Scraped caption text data
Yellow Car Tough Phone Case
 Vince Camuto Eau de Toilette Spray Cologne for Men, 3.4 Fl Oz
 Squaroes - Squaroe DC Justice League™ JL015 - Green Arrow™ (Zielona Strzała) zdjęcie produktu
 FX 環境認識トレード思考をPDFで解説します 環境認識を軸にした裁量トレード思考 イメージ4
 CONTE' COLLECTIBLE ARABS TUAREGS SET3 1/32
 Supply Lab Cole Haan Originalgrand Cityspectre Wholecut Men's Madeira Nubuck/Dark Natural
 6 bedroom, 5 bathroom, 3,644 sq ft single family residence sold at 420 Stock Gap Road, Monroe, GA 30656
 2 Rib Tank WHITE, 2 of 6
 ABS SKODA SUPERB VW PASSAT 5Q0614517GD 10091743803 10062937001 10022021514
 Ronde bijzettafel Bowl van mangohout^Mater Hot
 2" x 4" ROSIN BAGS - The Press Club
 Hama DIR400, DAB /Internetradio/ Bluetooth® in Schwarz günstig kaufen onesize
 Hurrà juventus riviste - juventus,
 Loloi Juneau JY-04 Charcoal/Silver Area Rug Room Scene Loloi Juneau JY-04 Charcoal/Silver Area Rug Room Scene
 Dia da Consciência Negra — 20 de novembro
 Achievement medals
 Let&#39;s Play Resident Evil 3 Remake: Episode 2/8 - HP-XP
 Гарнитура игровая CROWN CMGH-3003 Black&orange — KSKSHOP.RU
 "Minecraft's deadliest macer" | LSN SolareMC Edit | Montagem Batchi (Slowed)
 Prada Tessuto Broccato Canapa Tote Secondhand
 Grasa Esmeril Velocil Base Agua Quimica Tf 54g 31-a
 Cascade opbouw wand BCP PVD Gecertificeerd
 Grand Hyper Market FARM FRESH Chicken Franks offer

### [Activity]
All records must be repeated exactly, with none skipped.

### [Task response]
Yellow Car Tough Phone Case
 Vince Camuto Eau de Toilette Spray Cologne for Men, 3.4 Fl Oz
 Squaroes - Squaroe DC Justice League™ JL015 - Green Arrow™ (Zielona Strzała) zdjęcie produktu
 FX 環境認識トレード思考をPDFで解説します 環境認識を軸にした裁量トレード思考 イメージ4
 CONTE' COLLECTIBLE ARABS TUAREGS SET3 1/32
 Supply Lab Cole Haan Originalgrand Cityspectre Wholecut Men's Madeira Nubuck/Dark Natural
 6 bedroom, 5 bathroom, 3,644 sq ft single family residence sold at 420 Stock Gap Road, Monroe, GA 30656
 2 Rib Tank WHITE, 2 of 6
 ABS SKODA SUPERB VW PASSAT 5Q0614517GD 10091743803 10062937001 10022021514
 Ronde bijzettafel Bowl van mangohout^Mater Hot
 2" x 4" ROSIN BAGS - The Press Club
 Hama DIR400, DAB /Internetradio/ Bluetooth® in Schwarz günstig kaufen onesize
 Hurrà juventus riviste - juventus,
 Loloi Juneau JY-04 Charcoal/Silver Area Rug Room Scene Loloi Juneau JY-04 Charcoal/Silver Area Rug Room Scene
 Dia da Consciência Negra — 20 de novembro
 Achievement medals
 Let&#39;s Play Resident Evil 3 Remake: Episode 2/8 - HP-XP
 Гарнитура игровая CROWN CMGH-3003 Black&orange — KSKSHOP.RU
 "Minecraft's deadliest macer" | LSN SolareMC Edit | Montagem Batchi (Slowed)
 Prada Tessuto Broccato Canapa Tote Secondhand
 Grasa Esmeril Velocil Base Agua Quimica Tf 54g 31-a
 Cascade opbouw wand BCP PVD Gecertificeerd
 Grand Hyper Market FARM FRESH Chicken Franks offer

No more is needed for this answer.